Re: Raid6 array crashed-- 4-disk failure...(?)

pg_lxra@xxxxxxxxxxxxxxxxxxx (Peter Grandi) · Mon, 15 Sep 2008 12:03:01 +0100

> This weekend I promoted my new 6-disk raid6 array to
> production use and was busy copying data to it overnight. The
> next morning the machine had crashed, and the array is down
> with an (apparent?) 4-disk failure, [ ... ]

Multiple drive failures are far more common than people expect,
and the problem lies in people's expectations, because they don't
do common mode analysis (what's what? many will think).

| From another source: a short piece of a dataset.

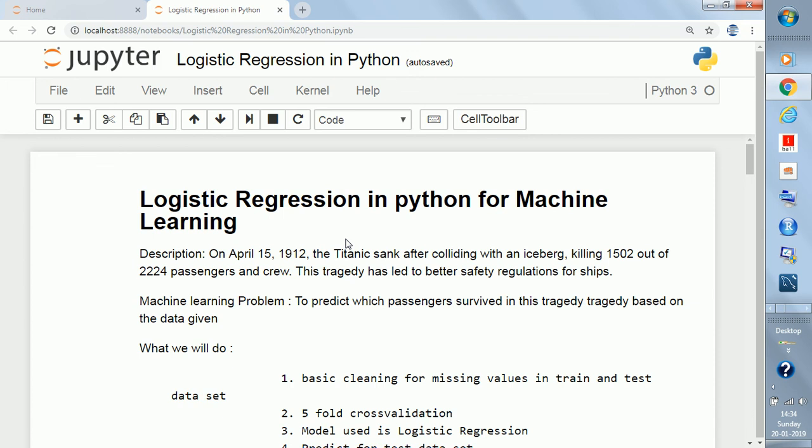Then it creates the data model for the prediction of the unknown data set. Decision tree, random forest, and boosting are sample models. Most of these, like random forest, are built on the basic concept of decision tree.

They typically happen all at once at power up, or in short
succession (e.g. 2nd drive fails while syncing to recover from
1st failure).

The typical RAID has N drives from the same manufacturer, of the
same model, with nearly contiguous serial numbers, from the same
shipping carton, in an enclosure where they all are started and
stopped at the same time, run on the same power circuit, at the
same temperature, on much the same load, attached to the same
host adapter or N of the same type. Expecting as many do to have
uncorrelated failures is rather comical.

1) Is my analysis correct so far ?

Not so sure :-). Consider this interesting discrepancy:

  /dev/sda1:
  [ ... ]
      Raid Devices : 7
     Total Devices : 6
  [ ... ]
    Active Devices : 5
  Working Devices : 5

  /dev/sdb1:
  [ ... ]
      Raid Devices : 7
     Total Devices : 6
  [ ... ]
    Active Devices : 6
  Working Devices : 6

Also note that member 0, 'sdk1' is listed as "removed", but not
faulty, in some member statuses. However you have been able to
actually get the status out of all members, including 'sdk1',
which reports itself as 'active', like all other drives as of
5:16. Then only 2 drives report themselves as 'active' as of
5:17, and those think that the array has 5 'active'/'working'
devices at that time. What happened between 5:16 and 5:17?

You should look at your system log to figure out what really
happened to your drives and then assess what the cause of the
failure was and its impact.

3) Should I say farewell to my ~2400 GB of data ? :-(

Surely not -- you have a backup of those 2400GB, as obvious from
"busy copying data to it". RAID is not backup anyhow :-).

4) If it was only a one-drive failure, why did it kill the array ?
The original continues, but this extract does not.